| Activity |
Each entry should be transcribed exactly as written, and any picture left out.

| The input |

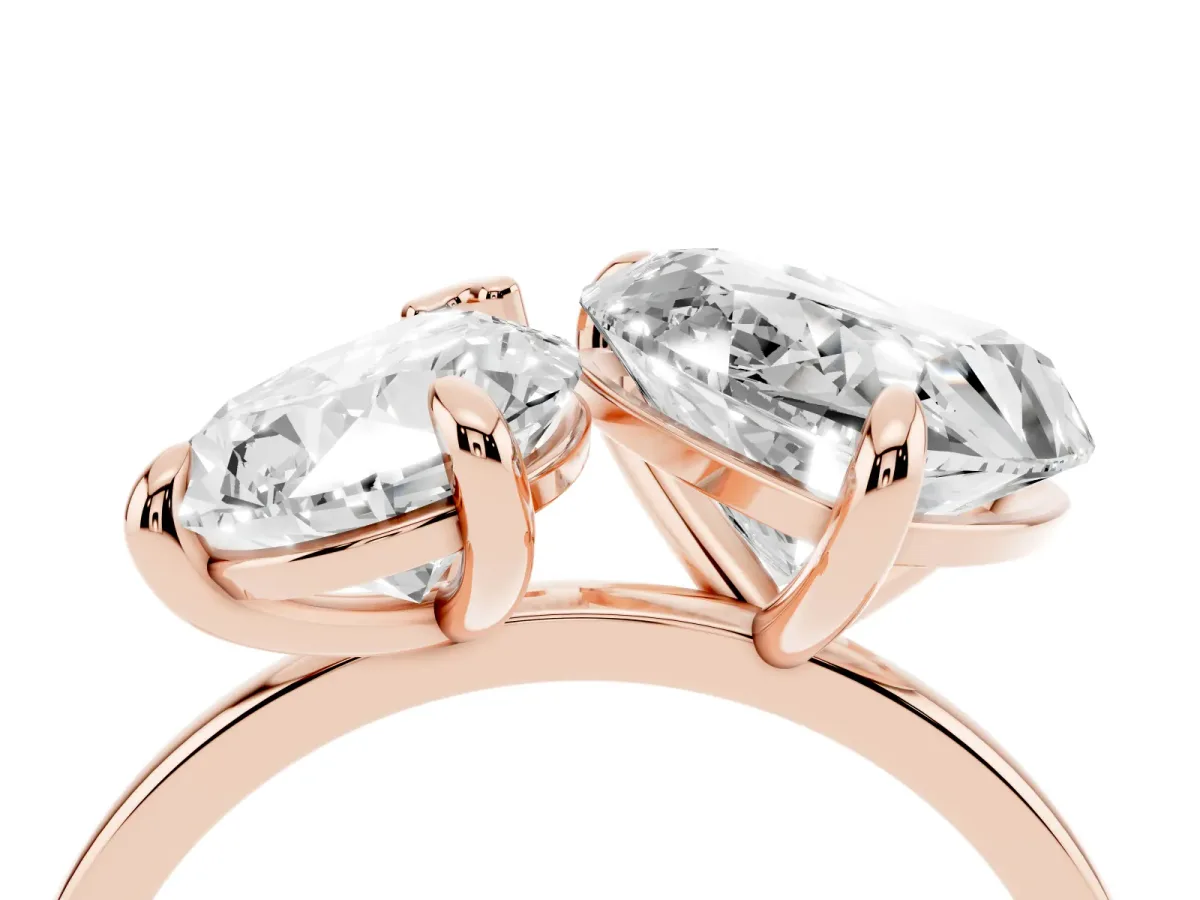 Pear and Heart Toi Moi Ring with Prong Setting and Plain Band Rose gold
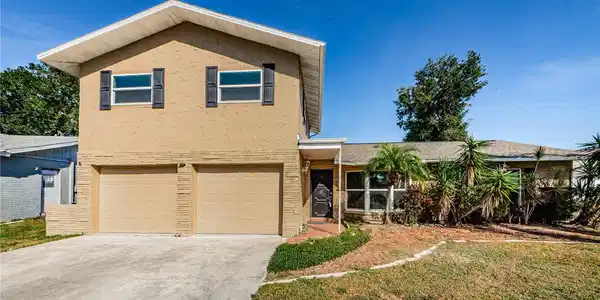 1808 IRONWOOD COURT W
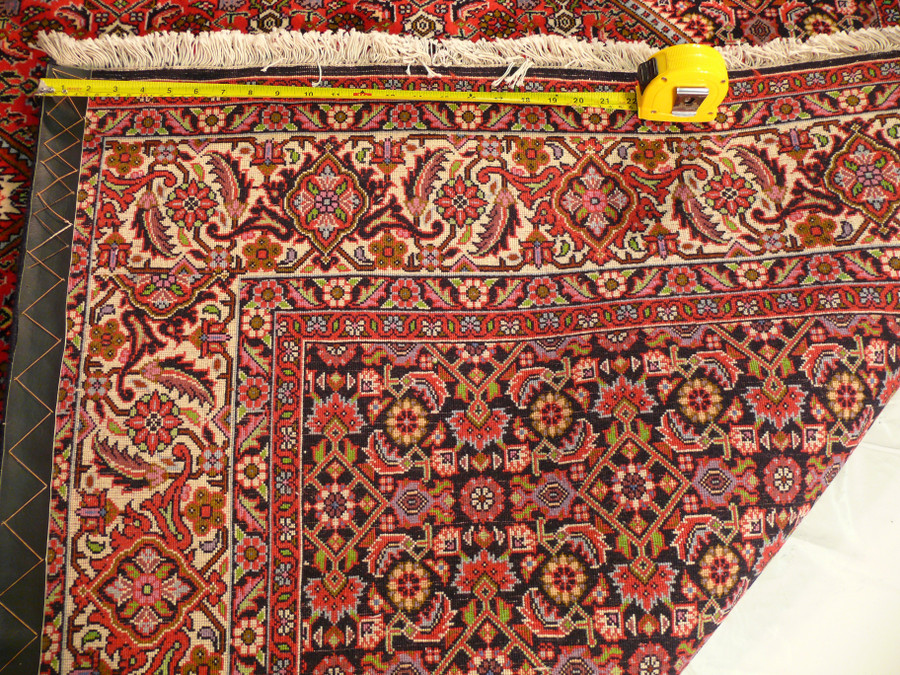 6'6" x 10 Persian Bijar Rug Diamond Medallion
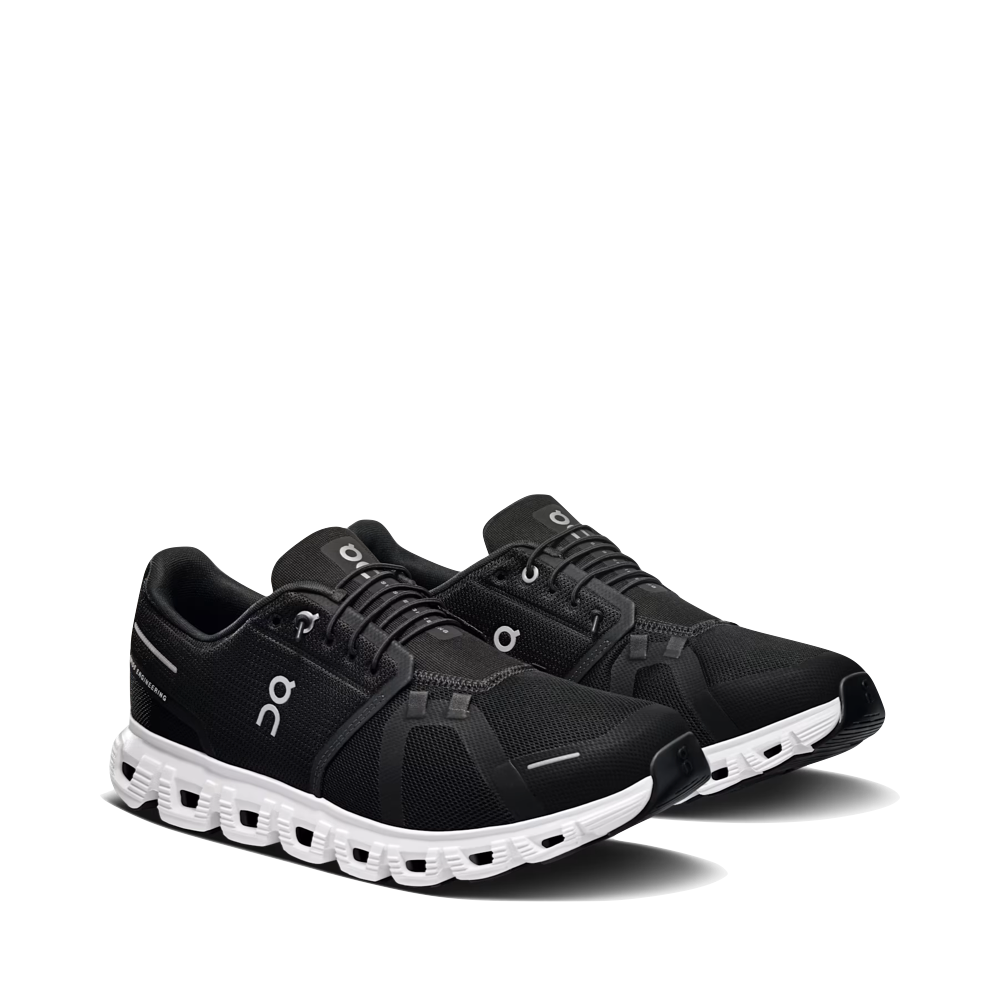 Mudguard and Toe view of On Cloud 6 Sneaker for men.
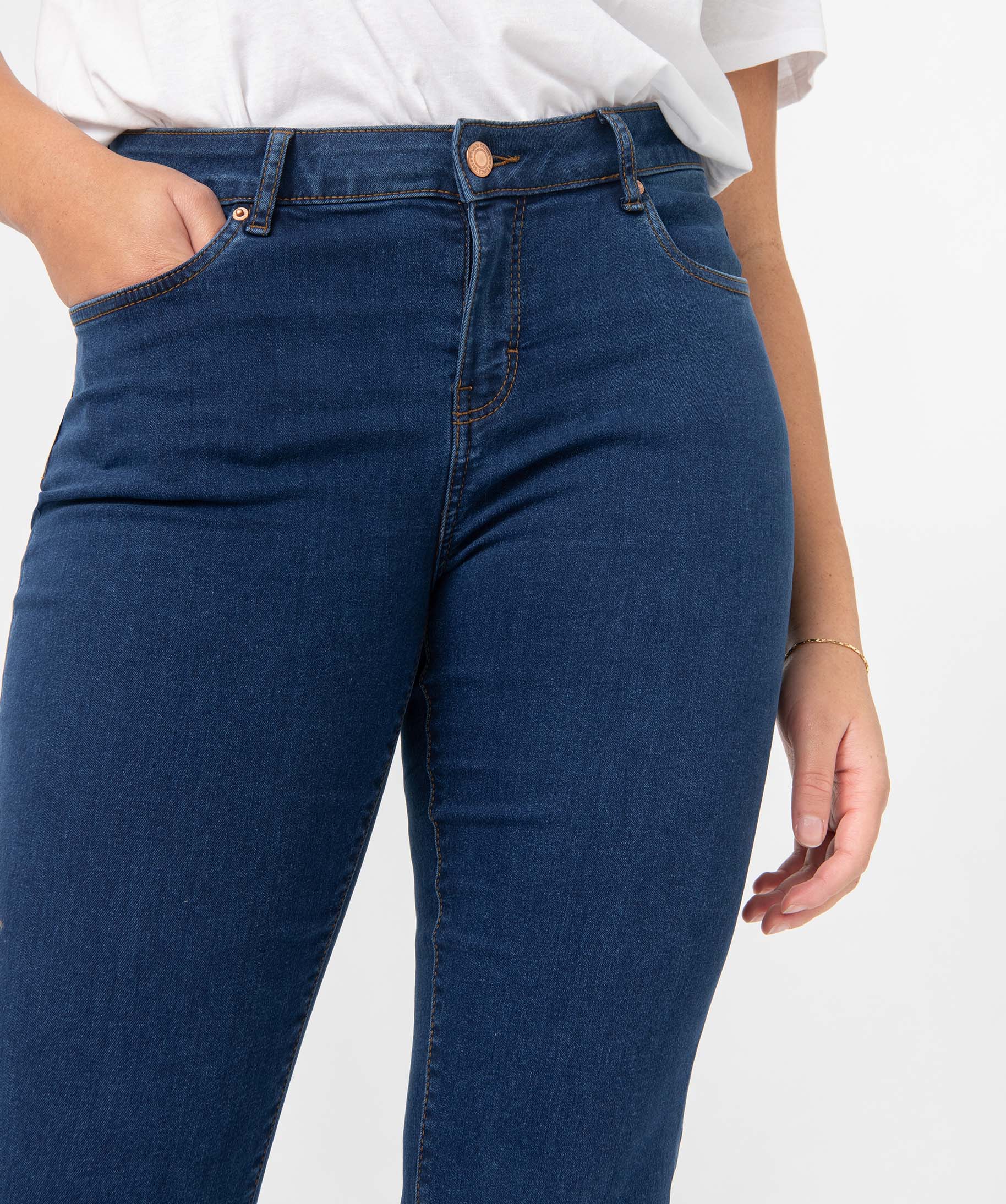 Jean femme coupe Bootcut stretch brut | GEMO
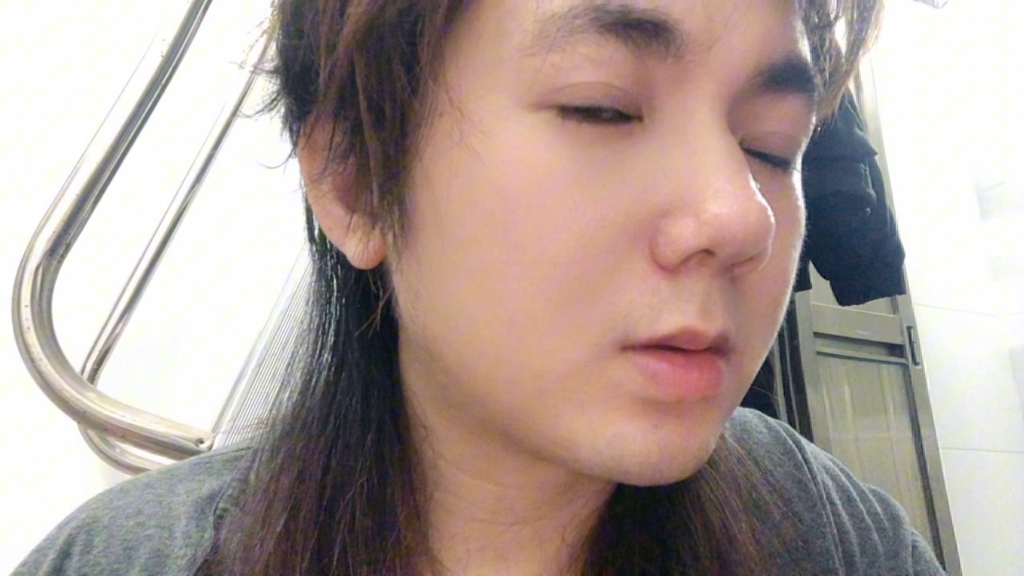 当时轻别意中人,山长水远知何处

| Task output |
 Pear and Heart Toi Moi Ring with Prong Setting and Plain Band Rose gold
 1808 IRONWOOD COURT W
 6'6" x 10 Persian Bijar Rug Diamond Medallion
 Mudguard and Toe view of On Cloud 6 Sneaker for men.
 Jean femme coupe Bootcut stretch brut | GEMO
 当时轻别意中人,山长水远知何处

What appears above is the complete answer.